Japanese women's organization

Chifuren (also National League of Regional Women's Organizations or National Federation of Regional Women's Organizations (全国地域婦人団体連絡協議会, Zen Nihon chiiki fujin dantai renraku kyōgikai)) is one of the largest women's organizations operating in Japan. Chifuren is an umbrella organization of women's groups and the local women's groups or fujinakai. Chifuren works on a regional scope on a variety of social and political issues facing women in Japan.

== History ==
Shigeri Yamataka became involved in Chifuren in 1952, when Chifuren was formed. Yamataka had previously been involved with women's groups or fujinakai which helped make up part of Chifuren. The activist tradition of Chifuren was based on the idea of ryōsai kenbo, meaning "good wife, wise mother." Millions of women joined the group, united under the ideas of improving women's lives, reforming both home and society and creating social welfare.

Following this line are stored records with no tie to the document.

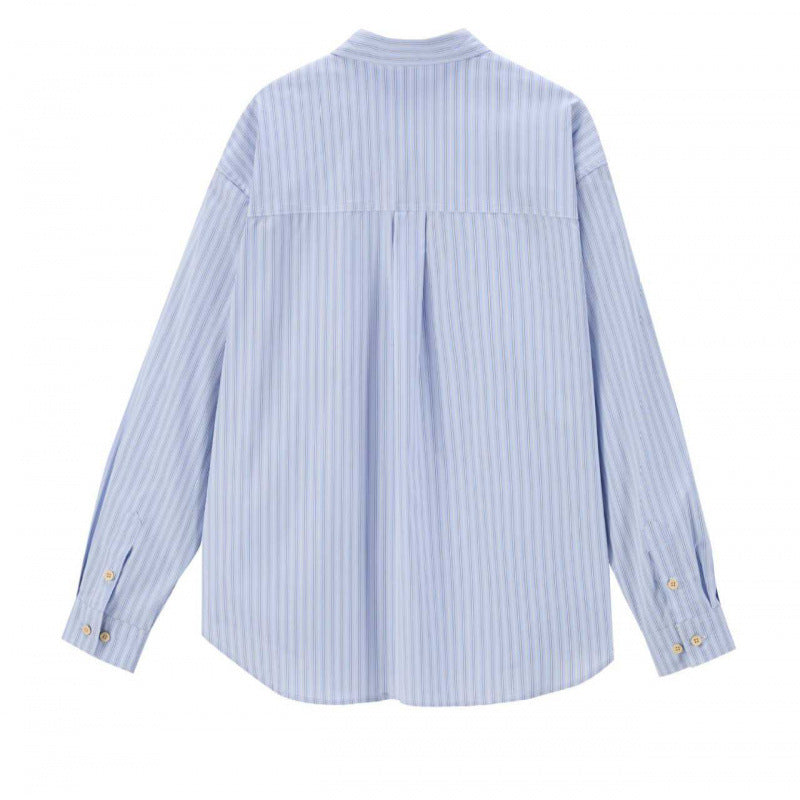 Damen Weites gestreiftes Oversize-Hemd mit Brusttasche und gerundetem Saum Shop Nory
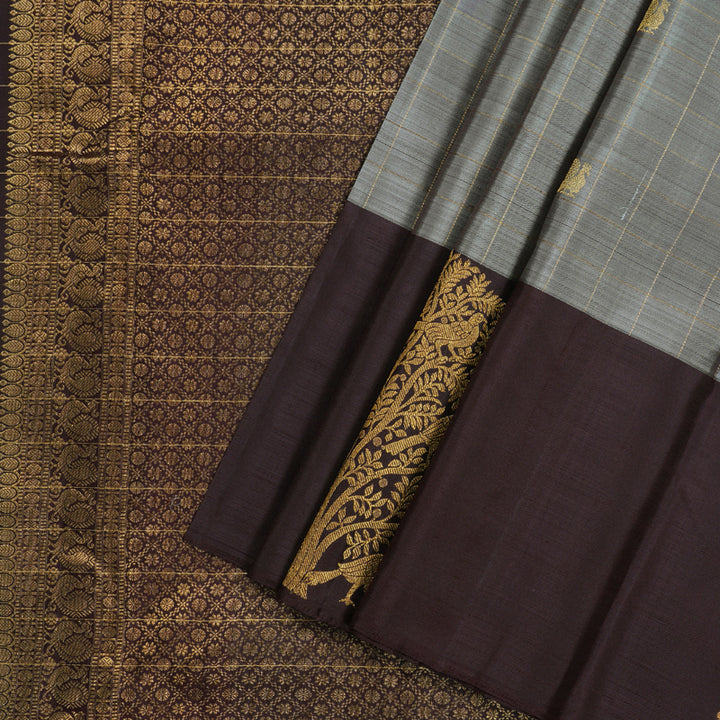 Hayagrivas Grey Handloom Kanjivaram Silk Saree with Dark Brown Border KBD1611A2-1
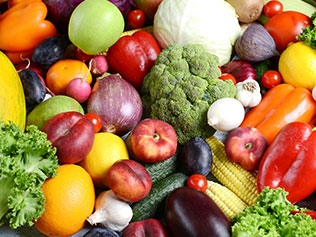 Vegetables, fruit and flowers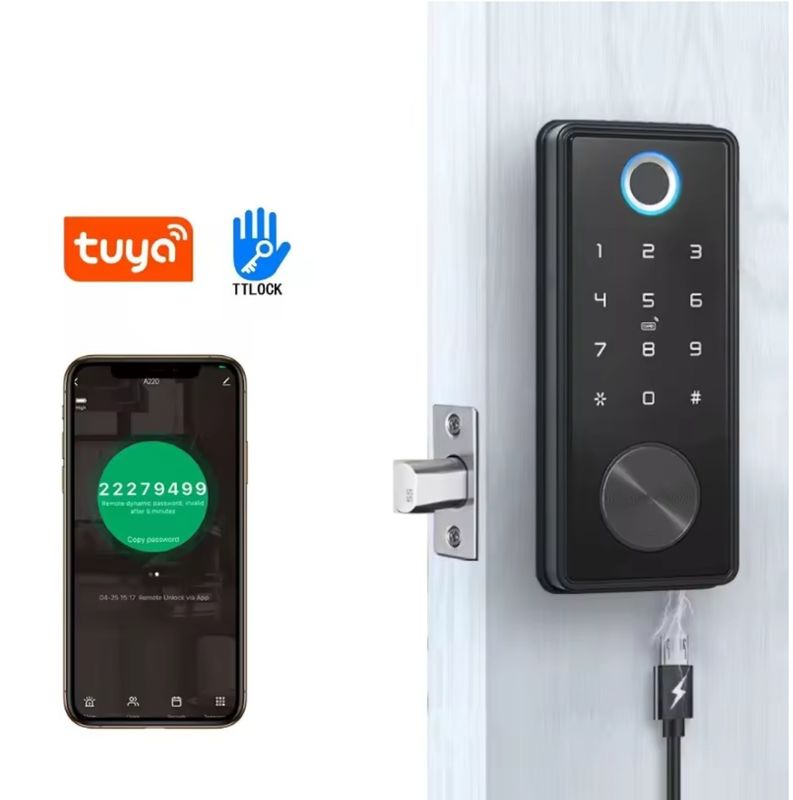Fechadura inteligente de liga de zinco preto azul para rede WIFI Tuya APP cartão de memória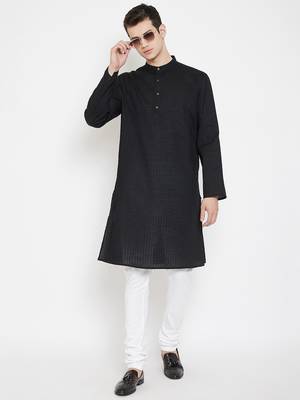 Black plain cotton men-kurtas 2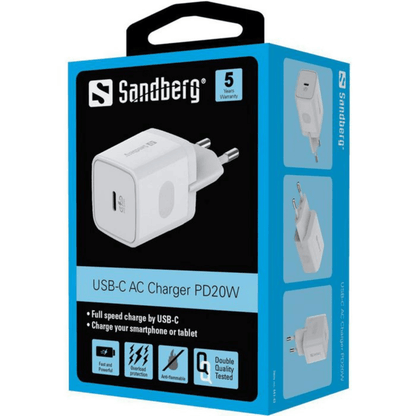 Sandberg - USB-C AC Charger PD20W Wandladegerät - Weiss - Pazzar.ch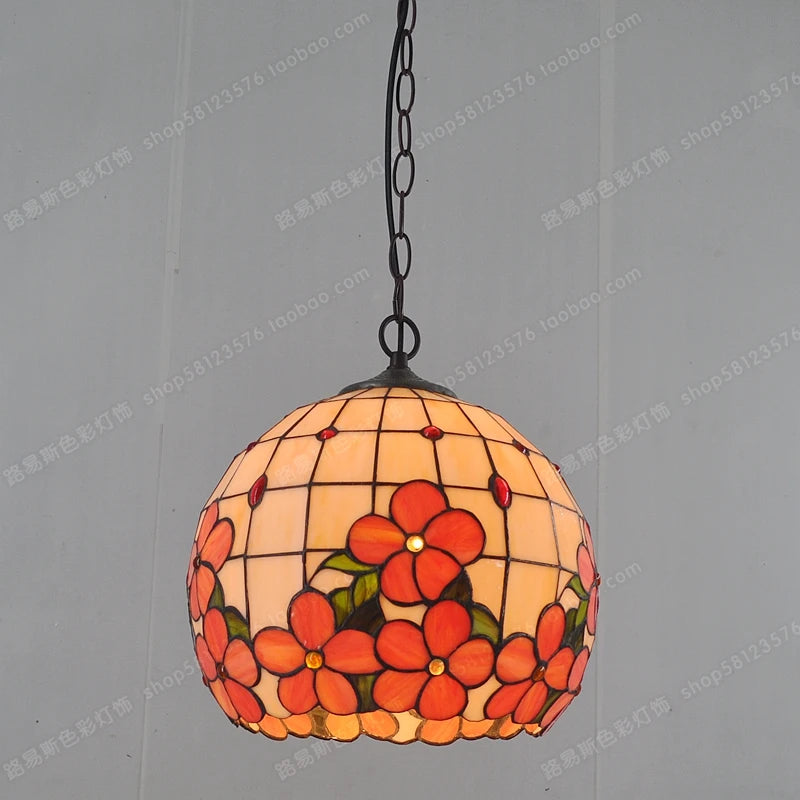 lustre en verre de fleurs riches style tiffany pour éclairage élégant - vue 4 sur 6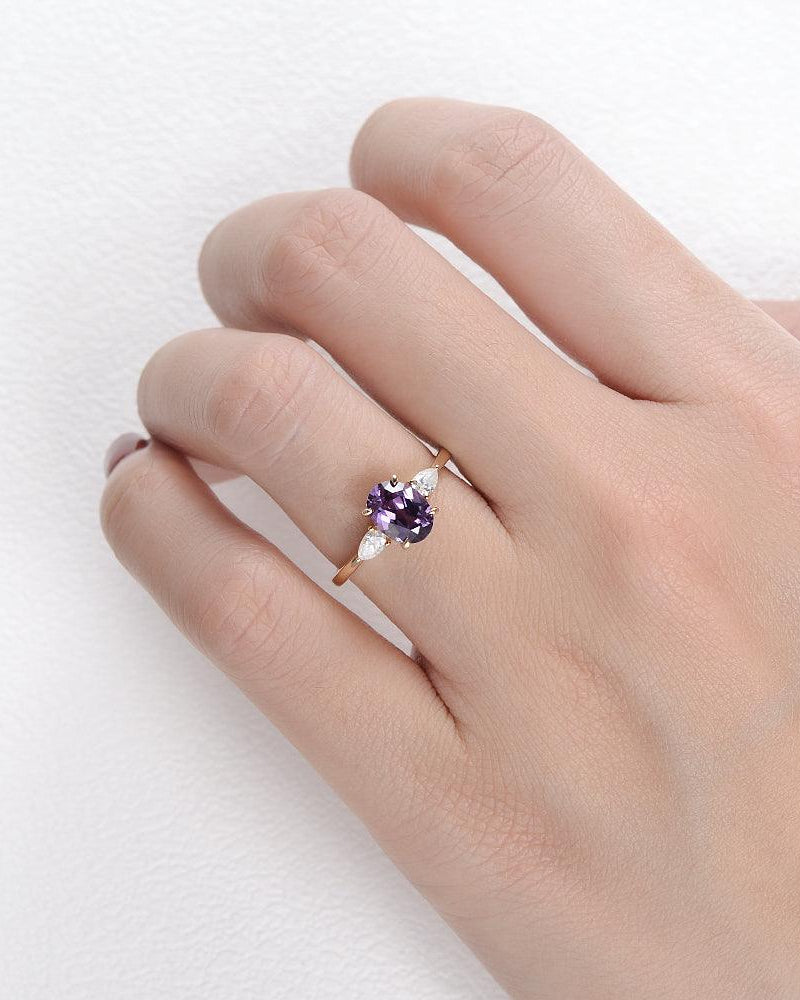 Lab Created Alexandrite Yellow Gold Ring - Felicegals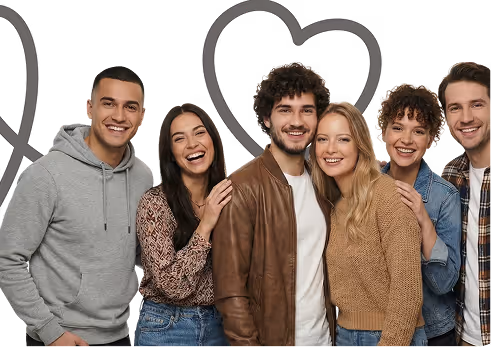 Lächelnde Gruppe junger Erwachsener steht zusammen und steht für die Jaumo-Community und echte menschliche Verbindungen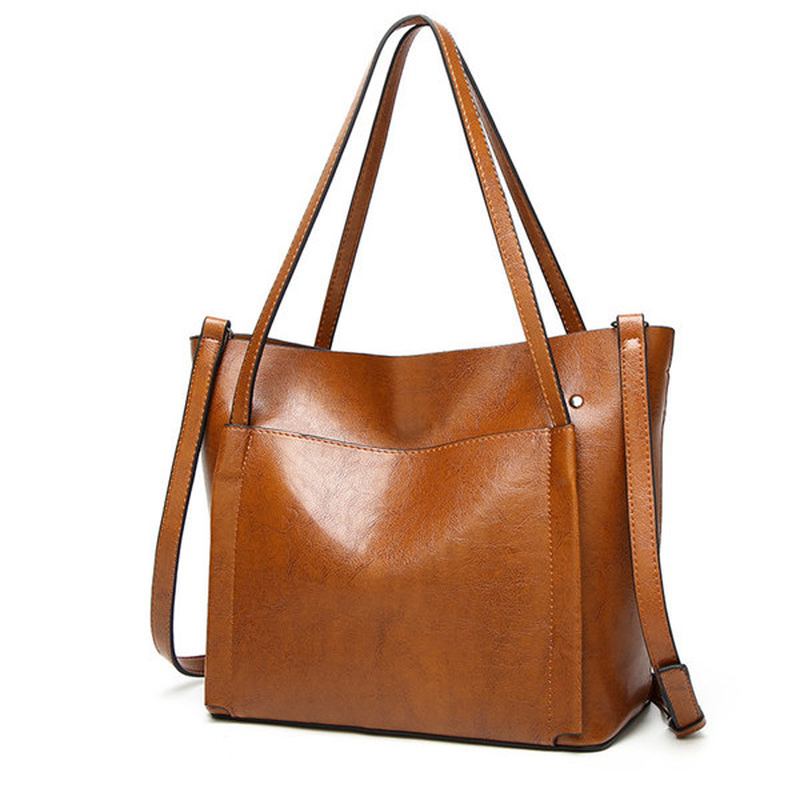 Kvinnor Oljeläder Handväskor Vintage Axelväskor Kapacitet Crossbody-väskor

Chifuren opposed revisions to the postwar Constitution and Civil Code of 1948 that would put women, their real property and their families under legal control of a family patriarch. In 1955, Chifuren and the Housewives Association founded the New Life Campaign Association, which was seen by Yamataka as a "movement by and for women."

During the 1960s, Chifuren, along with the YWCA, Japanese League of Women Voters, the Women's Bar Association of Japan and the Christian Women's Temperance Union all "independently declared their opposition to nuclear armaments." Chifuren fought for environmental changes and fought against pollution in the late 1960s and early 1970s.